Environment management is one of the most complex elements of #TrueDataOps... Great environment management for #TrueDataOps requires all environments to be built, changed, and (where relevant) destroyed automatically. It also requires... a fast way of making a new environment look just like production. This could involve the duplication of TB of data.

Therefore, let's dive into environment management and branching strategies, starting with Branching Strategy Concepts.

Branching Strategy Concepts

One of the standouts of Git as a code control system is its environment management capabilities. It contains many different ways of handling branches as well as merging and releasing these branches, among other functions. You can read up on these different approaches in DataOps Environments.

Git usage best practices are imperative. Therefore, if your company has already instituted Git usage best practices, then use them. However, most data teams do not yet have a set of Git best practices in place. Moreover, the differences between DevOps and DataOps mean that some of the typical DevOps approaches don't work quite as well for DataOps. As a result, we have adopted a standard and well-accepted Git model that has proven to work well for DataOps.

This approach is detailed below.


The standard pipeline -ci.yml files included in all template DataOps projects are based on this Git model and will need tweaking if a different model is used.

Overview of Branches

In its simplest form, the Git development workflow looks like this:

  • Cut a new feature branch (feature-branch-name) from the production branch (e.g. your Jira ticket)
  • Make and test your changes on this feature branch (feature-branch-name)
  • Once happy, create a merge request (MR) from feature-branch-name back to production

Because this process is all about data, the ability to create a feature branch data warehouse is one of the most powerful features of the DataOps platform. When branching your DataOps repository, you are, in effect, creating a sandbox where you can edit to your heart's content without the possibility of disrupting anyone else.

This is precisely what you get with branching.

In a mature environment you will find additional environments beyond your feature branch and production:

NameLifecycleTypeProtectedEnvironment NameRequired/optionalData
qaLong-livedSharedYesDATAOPS_ENV_NAME_QAOptional, basic level of maturity neededIngested
devLong-livedSharedNoDATAOPS_ENV_NAME_DEVOptional, basic level of maturity requiredCloned
feature-branch-nameShort-livedIndividualNoDATAOPS_PREFIX_FB_FEATURE_BRANCH_NAMEShould be used for all individual changesCloned

Details about the variables for environments are found in Project Settings, Project Variables. Note that only Maintainers can commit to protected branches.

Branching in Detail

This section dives into the details of DataOps environments, including using branches.

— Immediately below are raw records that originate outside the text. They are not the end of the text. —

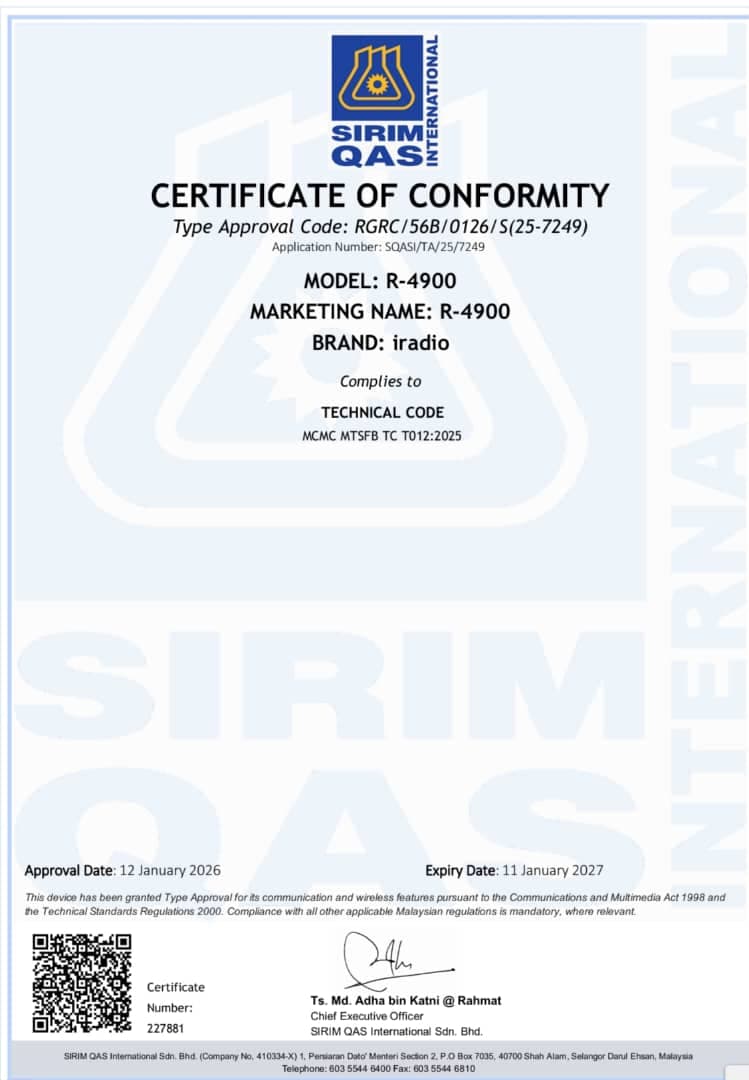 R-4900 SIRIM Certification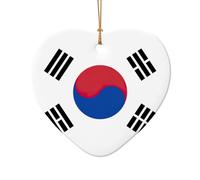 Drapeau de la République de Corée Décorations de Noël en céramique Décoration pour chambre maison, cadeaux, arbre de Noël de ferme Haning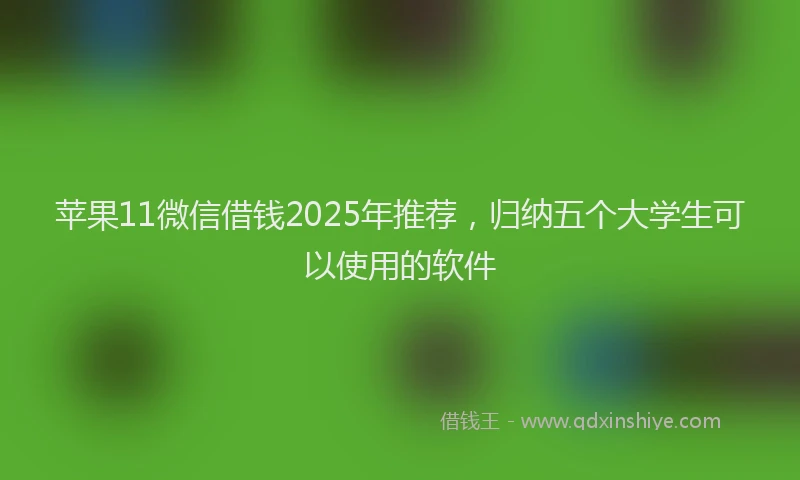 苹果11微信借钱2025年推荐，归纳五个大学生可以使用的软件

The QA Branch and Environment

A QA (or quality assurance) branch and environment is a virtually perfect replica of production. The primary purpose of this environment is to ensure that if something fails in production, it should rather fail in QA before it hits production. In other words, by merging to QA, developers or engineers are confident that, from their perspective, the code is ready to be merged into production.


QA is not the place to find elementary bugs in code. You should treat this environment as the production environment, and any bugs found in QA should be equivalent to allowing bugs through to production.

The QA development workflow is as follows:

  • Cut a feature branch (feature-branch-name) from QA
  • Make and test changes on the feature-branch-name
  • Once happy, create a merge request (MR) from feature-branch-name back to QA
  • Run tests
  • Once tests run successfully in QA, create a merge request from QA to production

The Dev Branch and Environment

The most frequent cause of failures (but still relatively rare) in a highly collaborative versioning model such as Git is a scenario where individually feature A runs successfully and feature B runs successfully, but feature A and feature B together fail.

A typical example of this cause of failure is as follows:

Let's assume we have two different feature branches that introduce a calculation model called "calc_sales_order_average," but the logic in each branch is diverse. There is no way to resolve this automatically. Thus, the question becomes: How do we solve this conflict?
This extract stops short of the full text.